Technical information
- Class: B1
- ERP: 3.064 kWs average 11.8 kWs peak
- HAAT: 145 metres (476 ft)
- Repeater: CJSP-FM 92.7 MHz

Links
- Webcast: Listen Live
- Website: bigcountrywindsor.com

= CJWF-FM =

Radio station in Windsor, Ontario

CJWF-FM, branded as Windsor's Big Country 95.9 & 92.7, is a Windsor, Ontario radio station owned and operated by Blackburn Radio. CJWF broadcasts a country format at 95.9 FM, with limited simulcasting in Leamington, Ontario at 92.7FM.

==History==
===Windsor's FM/Country 95-9===

Logo used from 2009 to 2010

CJWF was licensed on May 9, 2008. The station began test broadcasts on the night of September 22, 2009 in the wake of 106.7 The Fox flipping from country to rhythmic adult contemporary, along with appeals for the reporting of technical problems with reception. The station officially launched on the morning of November 16, 2009 at 8am as Windsor's FM 95.9. The first song played was "Welcome to the Future" by Brad Paisley.

On September 7, 2010, the station rebranded itself as "Country 95.9, The Motor Cities Country". Later that month on September 22, 2010, the state began broadcasting station information, which can be seen on Radio Data System-enabled radios. From November 26 to December 26, 2010, the station switched to an all Christmas Country format for the holidays.

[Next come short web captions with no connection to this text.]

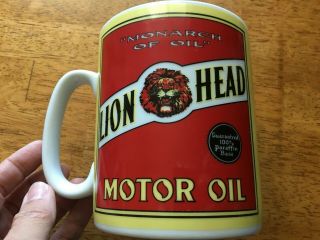 Vintage Monarch Of Oil Lion Head Motor Oil Coffee Mug Gilmour Mobil Red Yellow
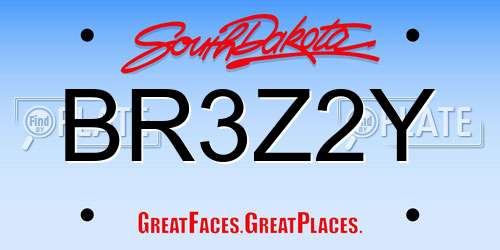 BR3Z2Y South Dakota License Plate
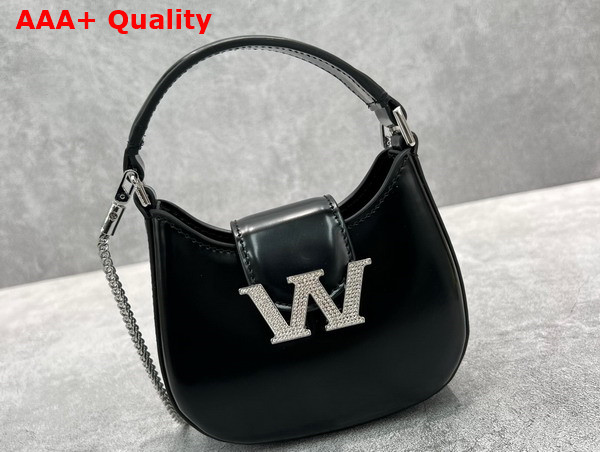 Alexander Wang W Legacy Micro Hobo Bag in Black Leather with Silver Metal W Replica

On July 31, 2012, at 5 a.m., after a mass budget cut at Blackburn Radio, sister station 92.7 Max-FM dropped its variety hits format and began simulcasting with CJWF as Windsor's' Country 95.9 & 92.7.

As such, CJWF is one of two stations (the other being CFCO) heard in Detroit that plays Canadian country that is not played by stations in the United States.

On May 1, 2026, the station rebranded as Big Country 95.9 & 92.7 as well as CJSP-FM Leamington and CHOK Sarnia also changed to the Big Country branding.